Bay Area/ San Francisco/ Transportation & Infrastructure
Published on January 31, 2020
38-Geary bus collides with sedan in Tenderloin, injuring bus driverA 38R collided with a four-door sedan. | Photos: Carrie Sisto/Hoodline

A Muni bus collided with a vehicle this morning in San Francisco’s Tenderloin neighborhood, injuring the bus' driver. 

The 38R-Geary Rapid bus was traveling on Geary Street, near Larkin Street, around 9 a.m. when it collided with the vehicle, a black four-door sedan.

It's unclear who was at fault in the incident, but SFPD spokesperson Joseph Tomlinson said the driver of the sedan attempted to flee the scene before being taken into custody. 

Tomlinson said that the bus' driver sustained non-life-threatening injuries, and was taken to the hospital in an ambulance. It's unclear if anyone else was injured.

The 38R bus and ambulances after the collision.
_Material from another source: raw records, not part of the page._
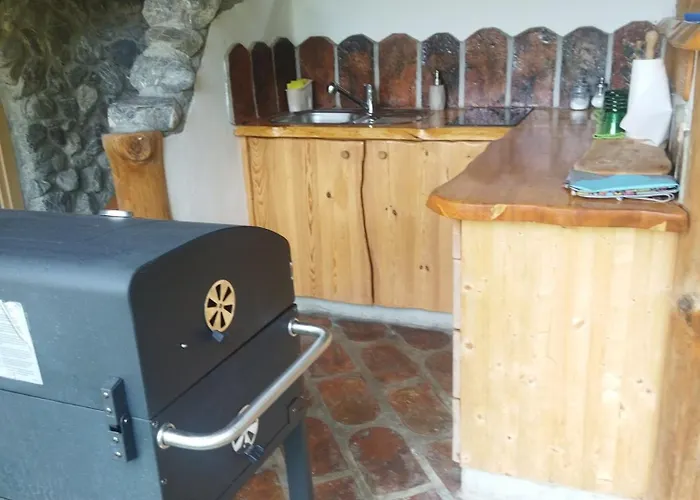 Apartma Rudi * בגונג'ה נה גורנג'סקם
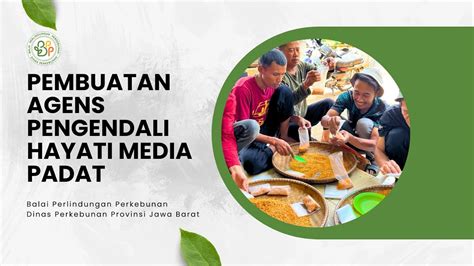 Pembuatan Agens Pengendali Hayati Pada Media Padat Youtube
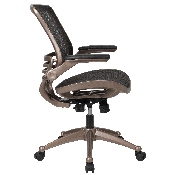 Mid-Back Transparent Black Mesh Executive Swivel Office Chair with Melrose Gold Frame and Flip-Up Arms, BL-8801X-GG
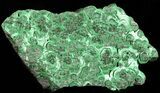 Fibrous Malachite Crystal Cluster - Congo #45337-3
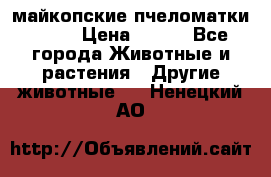  майкопские пчеломатки F-1  › Цена ­ 800 - Все города Животные и растения » Другие животные   . Ненецкий АО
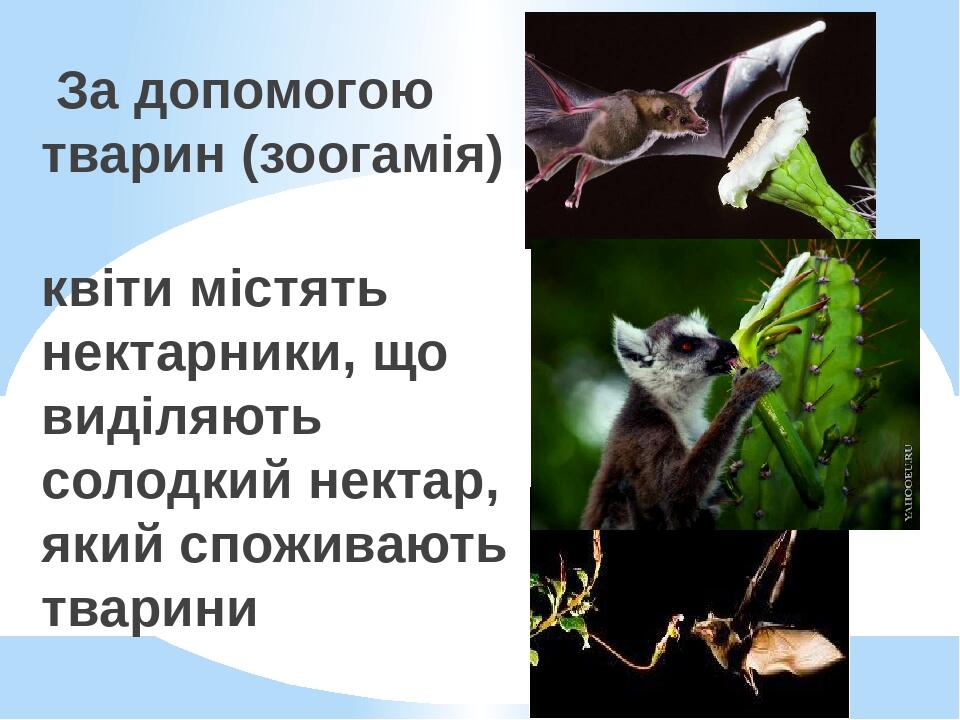 За допомогою тварин (зоогамія) квіти містять нектарники, що виділяють солодкий нектар, який споживають тварини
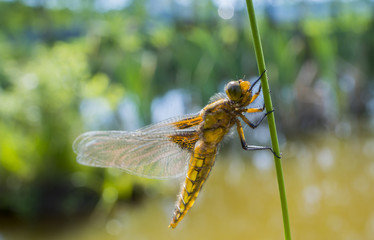 Libellula depressa (female) - dragonfly (Broad-bodied chaser) sitting on a grass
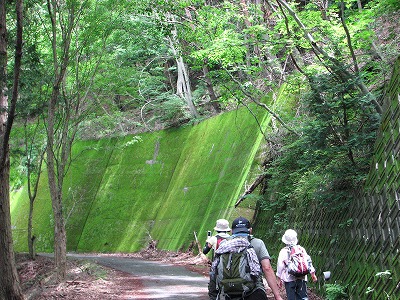 f0259373_16163539.jpg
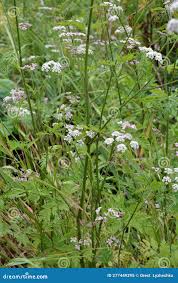 Attēlu rezultāti vaicājumam “Torilis japonica”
Lower Haight resident Christa Hartsock, who was aboard the bus, did not visually witness the moment of the collision. But she felt the impact.

“The impact didn’t feel particularly hard ... It mainly felt as if [the driver] had slammed on their brakes," said Hartsock, who was traveling to a doctor's appointment at the time. "It was jarring. Everyone was thrown forward and kind of confused."

“The car was pretty f--ked up,” she said, but she and others around her on the bus were uninjured. She said that the collision mostly seemed to rattle pedestrians and onlookers near the scene.

"A guy was yelling fairly loudly," she said. "I saw him carrying a small person."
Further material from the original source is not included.